◆ Prompt
Set out word for word the line that contains "the laundry room" and each line after it, through the end of the data below, but exclude the pictures.

───── Data for analysis ─────

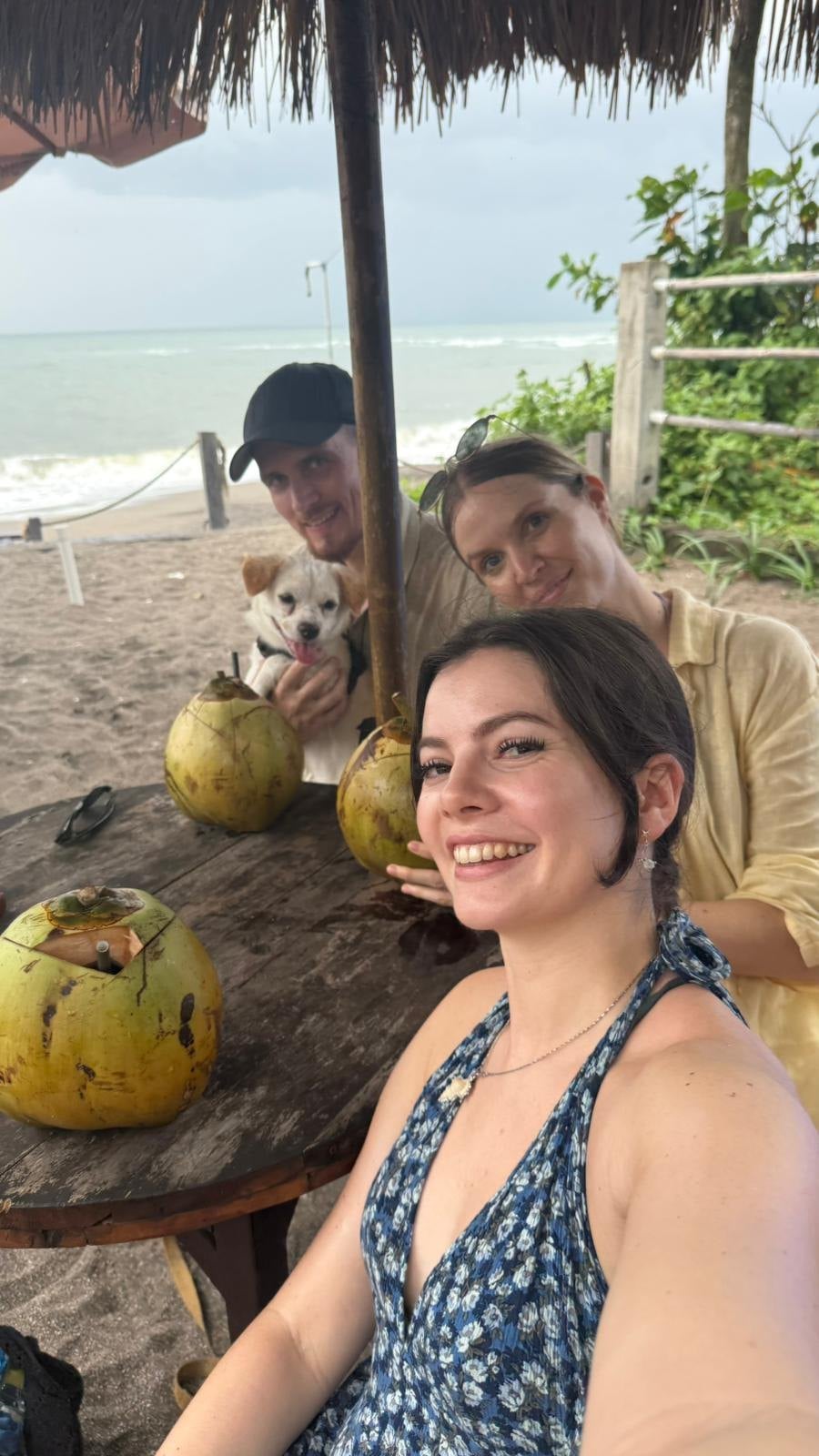 Drei Personen sitzen mit frischen Kokosnüssen an einem Holztisch unter einem Strohschirm am Strand auf Bali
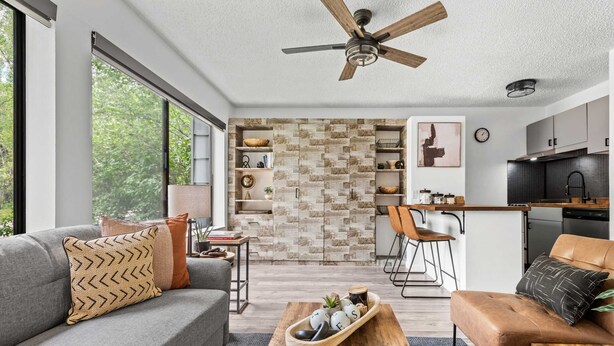 A modern living room with a grey sofa, a wooden coffee table, and a brown leather chair. There is a kitchen area with a wooden countertop and a dining chair. - Downtown Aspen Studio | Walk to Gondola & Slopes (Aspen)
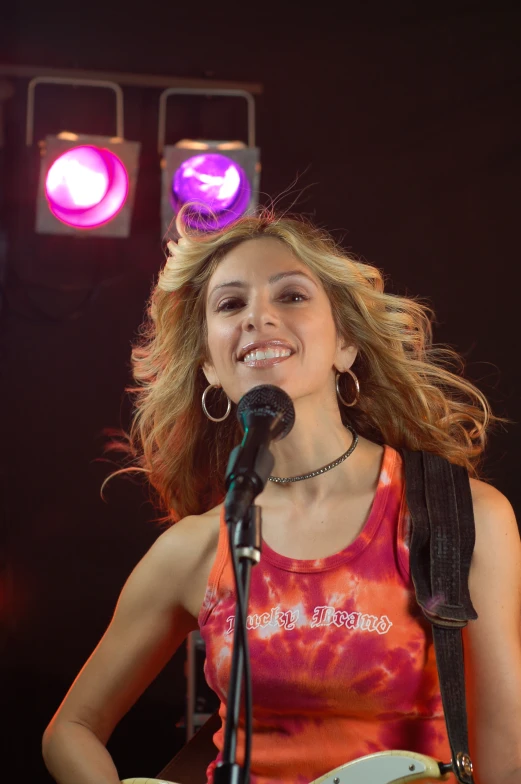 a young woman in a red shirt playing guitar and singing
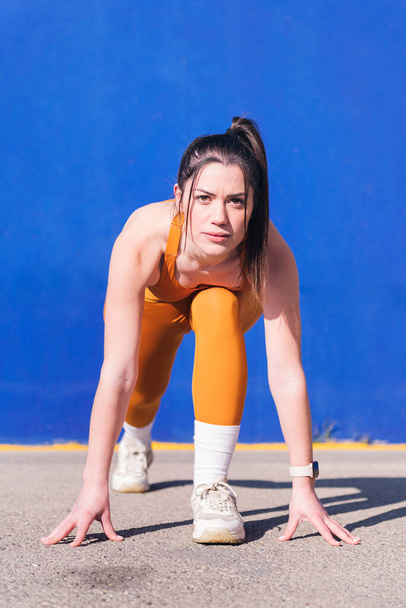 vertical portrait of a focused sportswoman in position to start a race with orange sportswear in a blue background, concept of sport and active lifestyle, copy space for text - Фото, изображение
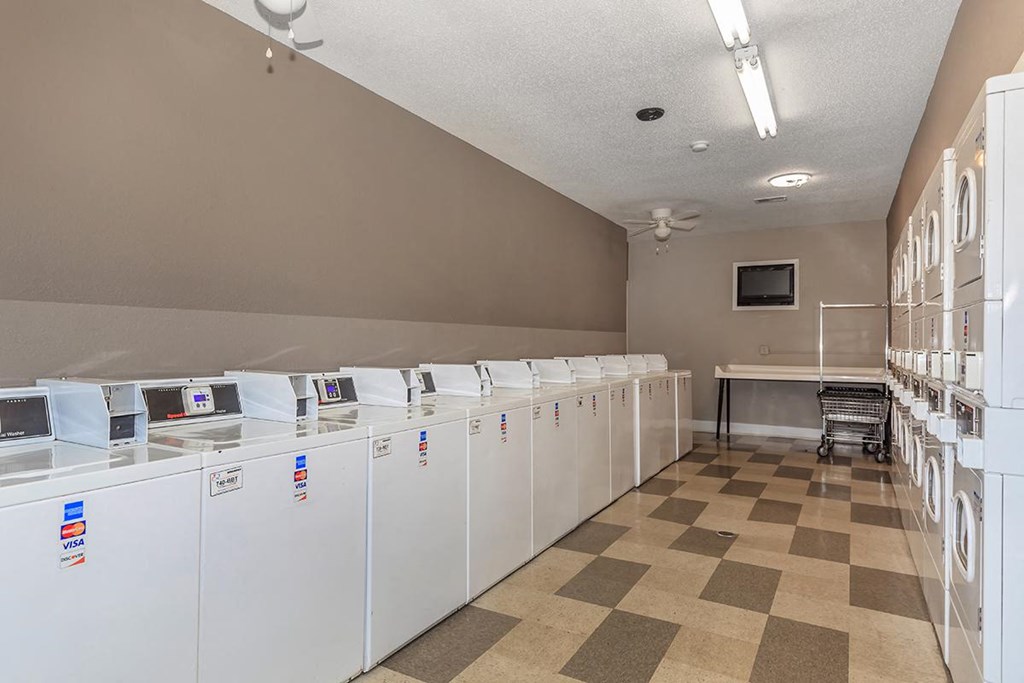 the laundry room is full of washes and dryers and a chair in front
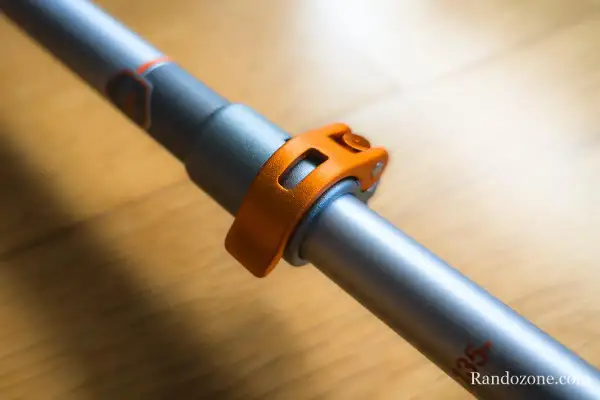 Gros plan sur le mécanisme de serrage orange d'un bâton de marche pliable ou télescopique, prêt pour l'aventure.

─────

◆ Expected output
 the laundry room is full of washes and dryers and a chair in front
 Gros plan sur le mécanisme de serrage orange d'un bâton de marche pliable ou télescopique, prêt pour l'aventure.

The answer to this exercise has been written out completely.